Wednesday, August 29, 2018

This Week's Quote

Think what a better world it would be if we all, the whole world, had cookies and milk about three o'clock every afternoon and then lay down on our blankets for a nap.

Barbara Jordan

Source:  Brainyquote

Monday, August 27, 2018

Magic Moment

Two fellows named Nick and John married at Prestonfield House in Edinburgh yesterday, and who should crash their photo shoot but J.K. Rowling.

Apparently she was having lunch there, but I prefer to believe she apparated specially for the occasion.

Friday, August 24, 2018

Threats

Donald Trump said if he were impeached the stock market would crash, and Rudy Guiliani said Americans "would revolt" against impeachment.

Pish tush.  If they wanted to terrify me over the prospect of impeachment, all they had to say was two words:  President Pence.

Wednesday, August 22, 2018

This Week's Quote

The United States was founded by the brightest people in the country—and we haven't seen them since.

Gore Vidal

Source:  Brainyquote

Tuesday, August 21, 2018

Guilty!

Paul Manafort has been found guilty on eight counts, and Michael Cohen implicated Donald Trump while pleading guilty to his own eight counts.

Suddenly I'm inordinately fond of the number eight.

Thursday, August 16, 2018

August 16, 2018

Today Aretha Franklin died at the age of 76, and Madonna turned 60 years old.

That thundering you hear is gay men running to their mirrors.

Wednesday, August 15, 2018

This Week's Quote

My sex life is now reduced to fan letters from an elderly lesbian who wants to borrow $800.

Groucho Marx

Source:  Wit

Saturday, August 11, 2018

Spaced Out

On Thursday Vice President Mike Pence announced plans for a new branch of the American military, a Space Force.

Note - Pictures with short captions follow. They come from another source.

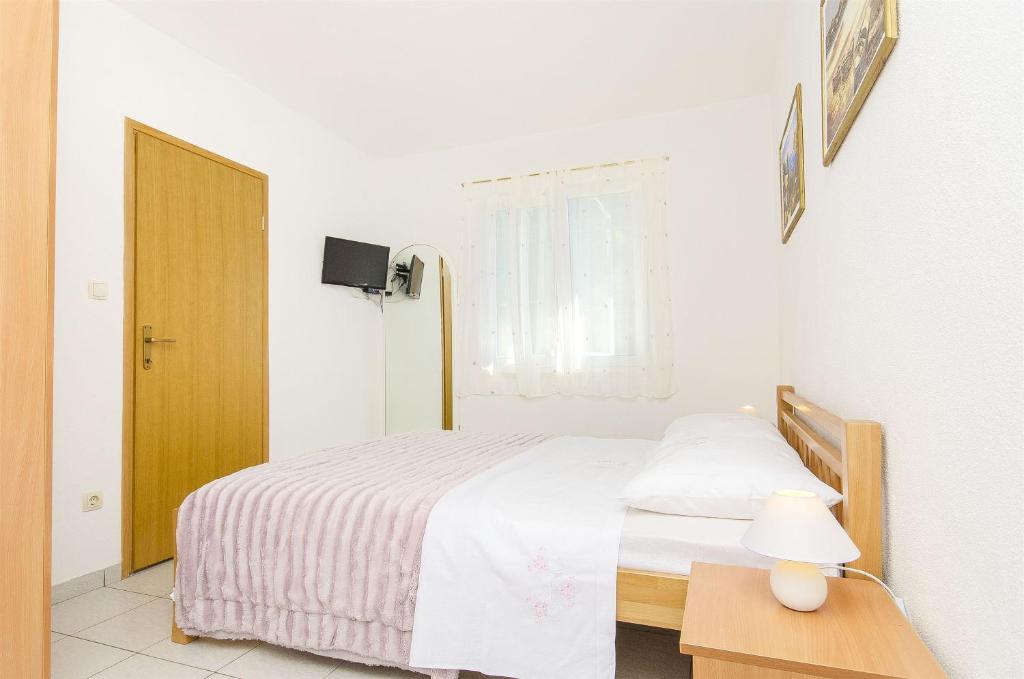 Postel nebo postele na pokoji v ubytování Apartment Antonio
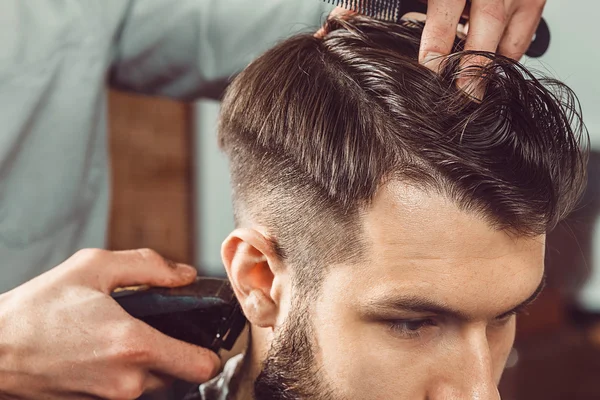 The hands of young barber making haircut to attractive man in barbershop Royalty Free Stock Photos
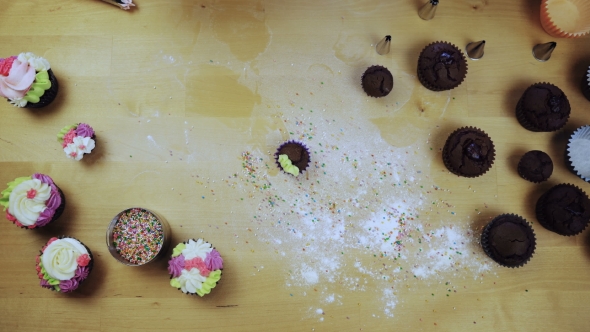 Top View of Chocolate Cupcakes on the Table. Young Woman Decorating Muffins with Colored Cream From alt
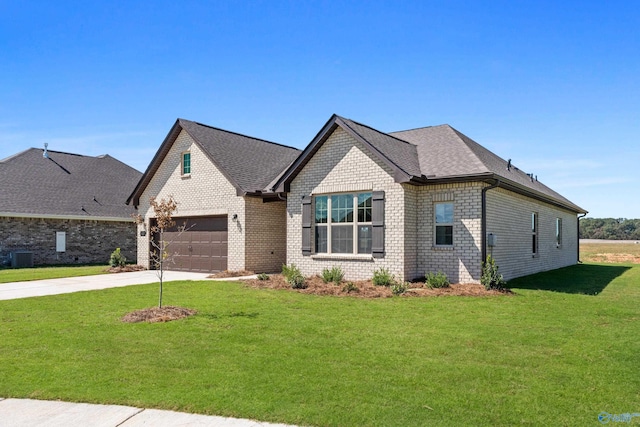 french country inspired facade featuring a garage, brick siding, a shingled roof, driveway, and a front lawn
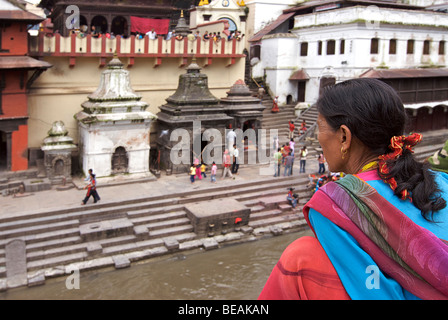 Femme népalaise en sari aux couleurs vives donnant sur la rivière Bagmati au temple de Pashupatinath, Katmandou, Népal Banque D'Images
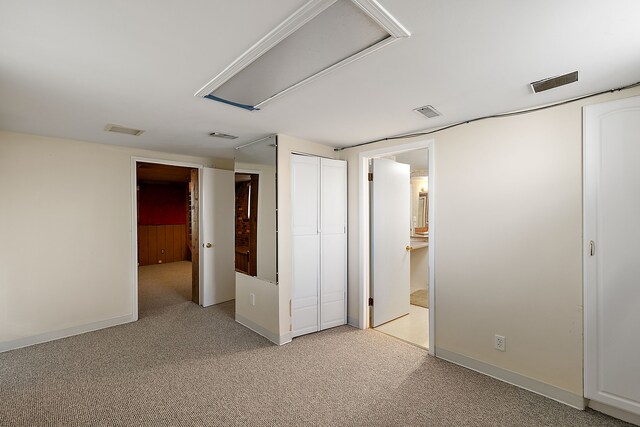 unfurnished bedroom featuring light carpet, baseboards, and visible vents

President Trump wanted to put Elroy Jetson in charge of it, but since Pence fears Elroy is gay, the administration will offer the job to The Great Gazoo.

Wednesday, August 8, 2018

This Week's Quote

I don't like the saying keep your friends close and enemies closer. I want my enemy on a different planet.

Wanda Sykes

Source:  Azquotes

Sunday, August 5, 2018

Lie in Ruins

The Washington Post  asserts that the number of lies Donald Trump tells has recently increased. The president is making an average of nearly 7.6 false or misleading claims per day.

If I lied at that clip my tongue would fall off.  And that would complicate my life as a lesbian.

Thursday, August 2, 2018

Numbers Game

"InfoWars" host Alex Jones claimed yesterday that Barack Obama is "having sex with 10 dudes a day."

How ludicrous.  It's actually 20 dudes a day.

Wednesday, August 1, 2018

This Week's Quote

The Religious Liberty Task Force sounds like the shittiest Justice League ever.